Royal Society of Arts – submission on CDC

RSA

Royal Society of Arts (RSA) – Tomorrow’s Investor Programme

Evidence to DWP Select Committee
Inquiry into Collective Pensions

We are delighted that the DWP Select Committee has decided to launch an investigation into the introduction of CDC pensions.
For the past seven years, the RSA, Britain’s oldest independent think tank, has sponsored a programme known as Tomorrow’s Investor. One of its key recommendations has been that Britain should allow the introduction of collective pensions, a choice denied in this country, despite their success elsewhere in the world. During those years significant support was developed for this reform, including from the CBI and TUC.
We were delighted when the government responded with the 2015 Pensions Act. This gave the government powers to allow “Defined Ambition” pensions including CDC. The Act was passed with full cross party support. However the secondary legislation to make the legislation a reality has not been written. In statements made at the time, the government indicated that they remained committed to the policy and delay was the result of resources and priorities. Therefore Parliament has agreed the introduction of CDC and similar pensions. The issue is to establish a regulatory framework to allow them to operate effectively.
Parliament has agreed to the introduction of CDC pensions. The issue is to establish a regulatory framework to allow them to operate effectively.
Studies that have modelled CDC pensions suggest they can achieve a profound improvement in pension outcomes for those who seek “a predictable income from the time they retire until the time they die”.  Indeed they suggest that, for the same payment, CDC will provide a 30% higher pension, and one that is more predictable. Citations of these studies are given in Appendix 1, and an explanation of how this large increase comes about is given in the response to your questions.
The recent announcement by Royal Mail of their desire to introduce collective pensions is indicative of both the immediate need and demand for CDC, and means that early action by the government to implement the structures, which Parliament has sanctioned, should be a priority. But CDC also has larger relevance in creating a structure, which can provide effective pensions to all British people.
For this reason we see three opportunities for CDC, which the Committee may wish to consider.
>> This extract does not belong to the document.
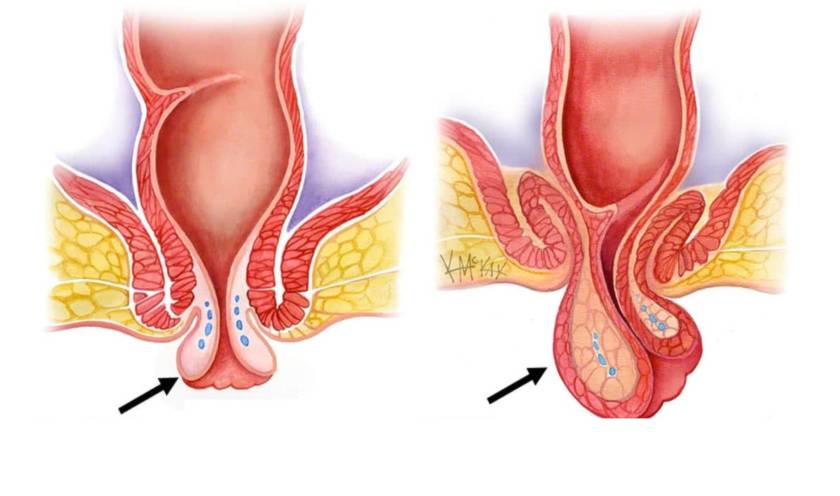 هبوط المستقيم بالصور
1. The most urgent is to allow Royal Mail and other likeminded employers to introduce CDC pension if this is supported by their workforce.
2. The second would be to establish a system to allow qualified bodies to establish a CDC structure for pensions in payment, (decumulation). This is an important compliment to “Freedom and Choice”, offering pensioners an effective default choice other than annuitisation.
3. Finally the Committee may wish to consider how a low cost national pension system for pension saving might be established to allow every British citizen to provide effectively for themselves in retirement.

We see these reforms as being supportive to the successful introduction of automatic enrolment which addresses the issue of pension savings (accumulation), but not (as noted in point 2), to pension decumulation.
In this note we aim to address the issues posed by the Committee.

In Section 1 we offer a short introduction.
In Section 2 we address the questions the Committee has asked.
In Section 3, we raise and address other considerations in effective design of CDC pensions.
Finally in Appendix 1 we summarise and provide links to the major studies previously undertaken to look at  CDC, and the conclusions they have reached.

1: Introduction

The RSA and Collective Pensions

The work of the RSA Tomorrow’s Investor Programme aimed to investigate what would be the best framework for a private pension system in the UK. It began with a series of “citizen juries” who received evidence on how the system currently worked, and were asked to adjudicate where reform mighty best be merited. The work was overseen by an advisory board chaired by Sir John Banham, a former Director General of the CBI, and included inter alia a former deputy head of the FSA. The work itself was lead by David Pitt-Watson, together with Dr Hari Mann and the staff of the RSA.
Most jurors concluded that what they wanted was a pension system into which they could save their money, which they could trust would provide them with a retirement income. Some wanted greater involvement and choice. But for most, the desire was to “give their money to someone they could trust” which would then provide an income from retirement until death. In other words, a trustworthy default pension system which would maximise income in retirement.
Sadly in the UK that requirement is not met. Currently those that do not have a DB pension, are on retirement presented with a large sum of money. With this they can buy an annuity. But currently annuities are very expensive, and indeed the cost of an annuity is volatile—hence the saver cannot predict how much will be needed for a certain retirement income.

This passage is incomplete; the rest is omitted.